From the line containing "New 2026 GMC" through the last line of the entries below, repeat each line word for word and leave out the rest.

- _Input material_:
§

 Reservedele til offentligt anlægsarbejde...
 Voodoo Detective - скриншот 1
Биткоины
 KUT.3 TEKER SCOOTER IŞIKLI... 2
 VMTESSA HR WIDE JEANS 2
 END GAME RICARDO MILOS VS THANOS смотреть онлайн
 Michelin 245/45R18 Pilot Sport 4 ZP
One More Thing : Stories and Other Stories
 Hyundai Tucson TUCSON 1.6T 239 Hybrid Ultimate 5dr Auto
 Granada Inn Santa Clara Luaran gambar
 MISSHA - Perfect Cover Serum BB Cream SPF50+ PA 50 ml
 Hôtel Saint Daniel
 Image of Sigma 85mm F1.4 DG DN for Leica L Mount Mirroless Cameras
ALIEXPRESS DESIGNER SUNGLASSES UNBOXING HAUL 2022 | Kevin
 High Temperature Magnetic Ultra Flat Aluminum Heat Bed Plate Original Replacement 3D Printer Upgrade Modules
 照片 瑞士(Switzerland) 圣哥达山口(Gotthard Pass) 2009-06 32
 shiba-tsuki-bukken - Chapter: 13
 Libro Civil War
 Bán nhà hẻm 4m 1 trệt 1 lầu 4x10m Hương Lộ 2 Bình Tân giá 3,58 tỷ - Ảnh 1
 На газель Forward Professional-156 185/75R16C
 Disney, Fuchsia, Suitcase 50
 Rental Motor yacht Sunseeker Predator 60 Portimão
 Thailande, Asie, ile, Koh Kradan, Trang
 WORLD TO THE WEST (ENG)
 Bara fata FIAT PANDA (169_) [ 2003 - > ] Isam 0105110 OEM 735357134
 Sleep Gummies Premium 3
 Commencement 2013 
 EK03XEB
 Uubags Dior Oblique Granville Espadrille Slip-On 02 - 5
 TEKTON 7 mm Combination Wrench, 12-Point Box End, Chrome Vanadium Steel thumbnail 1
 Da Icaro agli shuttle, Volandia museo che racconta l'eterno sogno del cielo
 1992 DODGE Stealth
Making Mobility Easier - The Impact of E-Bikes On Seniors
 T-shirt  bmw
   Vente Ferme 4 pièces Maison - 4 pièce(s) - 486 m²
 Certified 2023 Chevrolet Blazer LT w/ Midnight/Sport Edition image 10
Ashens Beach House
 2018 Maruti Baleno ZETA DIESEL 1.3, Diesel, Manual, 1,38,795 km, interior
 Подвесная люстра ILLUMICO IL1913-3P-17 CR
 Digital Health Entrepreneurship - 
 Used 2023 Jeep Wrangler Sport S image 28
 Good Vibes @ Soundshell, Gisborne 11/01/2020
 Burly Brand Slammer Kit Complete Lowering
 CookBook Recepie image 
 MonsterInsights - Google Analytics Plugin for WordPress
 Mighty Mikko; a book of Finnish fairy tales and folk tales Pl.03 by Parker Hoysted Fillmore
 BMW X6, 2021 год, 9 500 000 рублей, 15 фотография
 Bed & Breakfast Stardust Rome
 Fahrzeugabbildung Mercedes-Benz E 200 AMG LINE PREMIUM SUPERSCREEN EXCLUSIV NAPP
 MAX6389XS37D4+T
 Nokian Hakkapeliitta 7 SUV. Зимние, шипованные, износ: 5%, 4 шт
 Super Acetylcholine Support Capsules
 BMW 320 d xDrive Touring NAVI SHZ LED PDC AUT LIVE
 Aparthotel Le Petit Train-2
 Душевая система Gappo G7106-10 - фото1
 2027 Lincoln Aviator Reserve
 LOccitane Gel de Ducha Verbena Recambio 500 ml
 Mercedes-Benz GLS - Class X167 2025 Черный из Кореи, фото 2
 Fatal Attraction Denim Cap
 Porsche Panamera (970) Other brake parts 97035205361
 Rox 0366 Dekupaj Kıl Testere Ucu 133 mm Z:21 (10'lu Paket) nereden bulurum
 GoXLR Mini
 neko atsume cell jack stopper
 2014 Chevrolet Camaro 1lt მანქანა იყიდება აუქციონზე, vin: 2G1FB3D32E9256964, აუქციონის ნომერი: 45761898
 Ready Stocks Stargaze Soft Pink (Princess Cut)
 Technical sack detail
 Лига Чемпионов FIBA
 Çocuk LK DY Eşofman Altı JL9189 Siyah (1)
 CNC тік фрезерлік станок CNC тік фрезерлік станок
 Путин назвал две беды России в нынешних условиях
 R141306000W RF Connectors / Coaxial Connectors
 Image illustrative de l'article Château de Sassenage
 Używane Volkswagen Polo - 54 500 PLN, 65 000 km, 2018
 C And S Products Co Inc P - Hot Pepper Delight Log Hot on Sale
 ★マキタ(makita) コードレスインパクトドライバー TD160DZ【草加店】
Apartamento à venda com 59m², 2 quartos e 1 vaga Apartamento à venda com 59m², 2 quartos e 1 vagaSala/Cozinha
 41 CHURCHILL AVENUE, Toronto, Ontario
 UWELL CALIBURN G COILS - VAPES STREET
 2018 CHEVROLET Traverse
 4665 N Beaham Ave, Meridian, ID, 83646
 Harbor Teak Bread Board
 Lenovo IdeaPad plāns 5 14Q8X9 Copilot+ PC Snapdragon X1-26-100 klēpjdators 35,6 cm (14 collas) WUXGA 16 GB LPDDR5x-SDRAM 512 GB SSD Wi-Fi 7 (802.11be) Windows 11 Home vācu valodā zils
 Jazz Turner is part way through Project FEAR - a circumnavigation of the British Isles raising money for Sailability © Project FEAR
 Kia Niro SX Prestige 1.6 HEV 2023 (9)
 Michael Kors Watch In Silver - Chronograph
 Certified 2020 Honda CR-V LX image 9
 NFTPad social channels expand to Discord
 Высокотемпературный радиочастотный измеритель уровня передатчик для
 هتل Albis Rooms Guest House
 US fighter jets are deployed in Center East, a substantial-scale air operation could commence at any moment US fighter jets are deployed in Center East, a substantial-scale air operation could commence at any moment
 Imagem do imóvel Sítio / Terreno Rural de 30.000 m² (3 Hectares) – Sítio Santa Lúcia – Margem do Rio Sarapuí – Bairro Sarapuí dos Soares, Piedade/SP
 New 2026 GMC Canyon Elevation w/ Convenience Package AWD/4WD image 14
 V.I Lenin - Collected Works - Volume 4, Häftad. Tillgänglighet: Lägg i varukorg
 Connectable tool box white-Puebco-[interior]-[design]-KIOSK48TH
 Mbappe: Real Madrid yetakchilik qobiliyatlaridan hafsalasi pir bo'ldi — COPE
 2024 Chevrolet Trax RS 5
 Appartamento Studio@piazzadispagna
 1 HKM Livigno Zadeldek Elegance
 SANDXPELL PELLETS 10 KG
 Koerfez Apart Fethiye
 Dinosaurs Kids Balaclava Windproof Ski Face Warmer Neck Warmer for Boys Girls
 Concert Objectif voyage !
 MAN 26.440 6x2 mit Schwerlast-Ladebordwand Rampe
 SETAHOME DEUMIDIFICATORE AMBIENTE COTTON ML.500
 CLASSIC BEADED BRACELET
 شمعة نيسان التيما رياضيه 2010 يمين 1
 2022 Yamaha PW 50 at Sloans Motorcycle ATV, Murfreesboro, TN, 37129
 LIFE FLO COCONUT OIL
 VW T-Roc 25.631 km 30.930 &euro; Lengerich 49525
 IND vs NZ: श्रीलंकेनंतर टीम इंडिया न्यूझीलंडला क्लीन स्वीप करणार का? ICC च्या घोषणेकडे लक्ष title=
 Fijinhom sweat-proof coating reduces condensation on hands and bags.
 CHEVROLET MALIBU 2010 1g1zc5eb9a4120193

§

- _Result for this exercise_:
 New 2026 GMC Canyon Elevation w/ Convenience Package AWD/4WD image 14
 V.I Lenin - Collected Works - Volume 4, Häftad. Tillgänglighet: Lägg i varukorg
 Connectable tool box white-Puebco-[interior]-[design]-KIOSK48TH
 Mbappe: Real Madrid yetakchilik qobiliyatlaridan hafsalasi pir bo'ldi — COPE
 2024 Chevrolet Trax RS 5
 Appartamento Studio@piazzadispagna
 1 HKM Livigno Zadeldek Elegance
 SANDXPELL PELLETS 10 KG
 Koerfez Apart Fethiye
 Dinosaurs Kids Balaclava Windproof Ski Face Warmer Neck Warmer for Boys Girls
 Concert Objectif voyage !
 MAN 26.440 6x2 mit Schwerlast-Ladebordwand Rampe
 SETAHOME DEUMIDIFICATORE AMBIENTE COTTON ML.500
 CLASSIC BEADED BRACELET
 شمعة نيسان التيما رياضيه 2010 يمين 1
 2022 Yamaha PW 50 at Sloans Motorcycle ATV, Murfreesboro, TN, 37129
 LIFE FLO COCONUT OIL
 VW T-Roc 25.631 km 30.930 &euro; Lengerich 49525
 IND vs NZ: श्रीलंकेनंतर टीम इंडिया न्यूझीलंडला क्लीन स्वीप करणार का? ICC च्या घोषणेकडे लक्ष title=
 Fijinhom sweat-proof coating reduces condensation on hands and bags.
 CHEVROLET MALIBU 2010 1g1zc5eb9a4120193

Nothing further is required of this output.